The company said it was planning to use the money to support sales and marketing of its EpiLift system. VisiJet touts EpiLift as a “new, safer refractive surgery technique” that enables eye surgeons to perform laser surgery with fewer postoperative complications than existing methods.

EpiLift received Food and Drug Administration approval in September. Gebauer Medizintechnik GMBH, a German company, makes the device.

“With this round of financing, the company will have the ability to fund a sales and marketing program to support” EpiLift, said Randy Bailey, VisiJet’s chief executive.

VisiJet, which trades on the low-profile Bulletin Board stock exchange, makes devices that use a high-pressure micro beam of water to cut away eye tissue. The company’s first product, Hydrokeratome, uses water to cut the cornea in vision correction surgery and has regulatory approval.

Regulators Clear PacifiCare Buy

PacifiCare Health Systems Inc. of Cypress received early antitrust clearance from the Federal Trade Commission for its proposed acquisition of the group health insurance business of Newport Beach-based Pacific Life Insurance Co.

PacifiCare agreed to buy Pacific Life’s health insurance business in November. The parties didn’t disclose financial specifics, but PacifiCare said it would acquire up to 140,000 members from Pacific Life in the deal.

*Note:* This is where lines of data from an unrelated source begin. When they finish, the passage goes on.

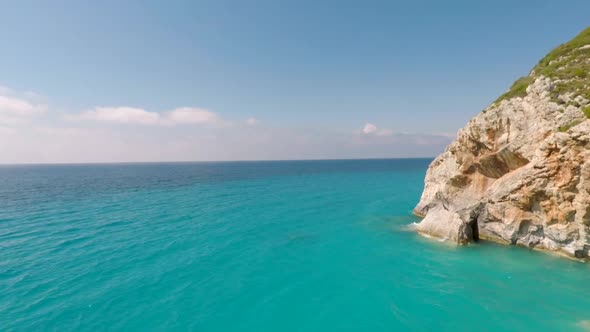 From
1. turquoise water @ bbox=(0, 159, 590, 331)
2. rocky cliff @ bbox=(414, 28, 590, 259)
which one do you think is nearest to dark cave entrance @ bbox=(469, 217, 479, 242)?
rocky cliff @ bbox=(414, 28, 590, 259)

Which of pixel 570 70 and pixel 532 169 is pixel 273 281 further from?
pixel 570 70

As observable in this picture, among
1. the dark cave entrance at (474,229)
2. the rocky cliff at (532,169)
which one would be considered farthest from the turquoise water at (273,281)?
the rocky cliff at (532,169)

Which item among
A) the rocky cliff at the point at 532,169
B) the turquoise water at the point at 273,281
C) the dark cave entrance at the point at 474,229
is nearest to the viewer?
the turquoise water at the point at 273,281

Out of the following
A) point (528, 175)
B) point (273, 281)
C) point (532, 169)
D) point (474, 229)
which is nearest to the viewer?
point (273, 281)

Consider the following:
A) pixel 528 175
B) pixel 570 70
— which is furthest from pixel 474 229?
pixel 570 70

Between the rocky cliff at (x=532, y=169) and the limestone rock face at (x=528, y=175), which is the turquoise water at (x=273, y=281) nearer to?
the limestone rock face at (x=528, y=175)

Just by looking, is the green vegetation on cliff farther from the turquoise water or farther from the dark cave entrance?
the turquoise water

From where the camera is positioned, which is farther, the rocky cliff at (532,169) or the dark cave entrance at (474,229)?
the dark cave entrance at (474,229) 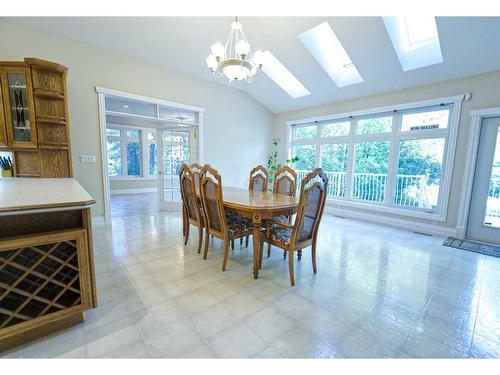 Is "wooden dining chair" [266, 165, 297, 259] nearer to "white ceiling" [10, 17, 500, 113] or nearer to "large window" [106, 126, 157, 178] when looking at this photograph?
"white ceiling" [10, 17, 500, 113]

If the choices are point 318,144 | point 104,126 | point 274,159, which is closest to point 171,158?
point 104,126

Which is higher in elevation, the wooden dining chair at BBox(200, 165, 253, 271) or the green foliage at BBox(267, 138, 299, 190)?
the green foliage at BBox(267, 138, 299, 190)

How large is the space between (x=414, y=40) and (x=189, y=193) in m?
4.03

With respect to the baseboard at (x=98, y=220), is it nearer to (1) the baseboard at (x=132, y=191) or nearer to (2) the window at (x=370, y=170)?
(1) the baseboard at (x=132, y=191)

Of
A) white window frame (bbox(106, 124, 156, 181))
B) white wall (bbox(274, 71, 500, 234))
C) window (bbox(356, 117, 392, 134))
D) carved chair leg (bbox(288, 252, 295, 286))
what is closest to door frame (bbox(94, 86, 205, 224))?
carved chair leg (bbox(288, 252, 295, 286))

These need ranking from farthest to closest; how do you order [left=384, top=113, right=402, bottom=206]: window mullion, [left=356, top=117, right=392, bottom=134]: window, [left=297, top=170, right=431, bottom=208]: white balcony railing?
[left=356, top=117, right=392, bottom=134]: window → [left=384, top=113, right=402, bottom=206]: window mullion → [left=297, top=170, right=431, bottom=208]: white balcony railing

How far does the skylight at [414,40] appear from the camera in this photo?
307cm

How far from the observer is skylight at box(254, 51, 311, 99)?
14.7ft

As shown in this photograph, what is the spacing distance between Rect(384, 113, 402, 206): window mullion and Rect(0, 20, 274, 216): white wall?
3.11 metres

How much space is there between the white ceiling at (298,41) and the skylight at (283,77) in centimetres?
46

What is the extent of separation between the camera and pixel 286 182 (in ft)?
10.2

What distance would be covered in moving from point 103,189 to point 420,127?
5692 mm

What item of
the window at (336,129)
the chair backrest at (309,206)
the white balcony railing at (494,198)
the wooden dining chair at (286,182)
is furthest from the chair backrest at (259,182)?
the white balcony railing at (494,198)

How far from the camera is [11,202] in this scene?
1.19 meters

At the time the deal was announced, PacifiCare Chief Executive Howard Phanstiel called it a logical follow-up to its $500 million buy of Green Bay, Wis.-based American Medical Security Group, which gave the managed healthcare service company more of a foothold in the preferred provider organization market.

Bits and Pieces:

Paul McCormick, chief executive of Endologix Inc., Irvine, and Dr. Rodney White of Harbor-UCLA Medical Center, are giving “Technology Update,Developments in Endovascular Devices & Procedures” at the March 9 meeting of the Life Science Industry Council in Irvine. Information: (949) 475-0845 Edwards Lifesciences Corp., Irvine, previewed its FloTrac sensor, a hemodynamic monitor for cardiovascular performance, last month at the Society of Critical Care Medicine’s 34th congress in Phoenix. Edwards said it expects to make FloTrac widely available in the U.S. and Europe later this year, pending regulatory approvals I-Flow Corp., Lake Forest, addressed institutional investors at the Piper Jaffray healthcare conference last week in New York. Separately, Dr. Randall Wolf, a University of Cincinnati Medical Center surgeon, demonstrated I-Flow’s On-Q pain relief system during a telesurgery broadcast at the Society of Thoracic Surgeons’ annual meeting in Tampa.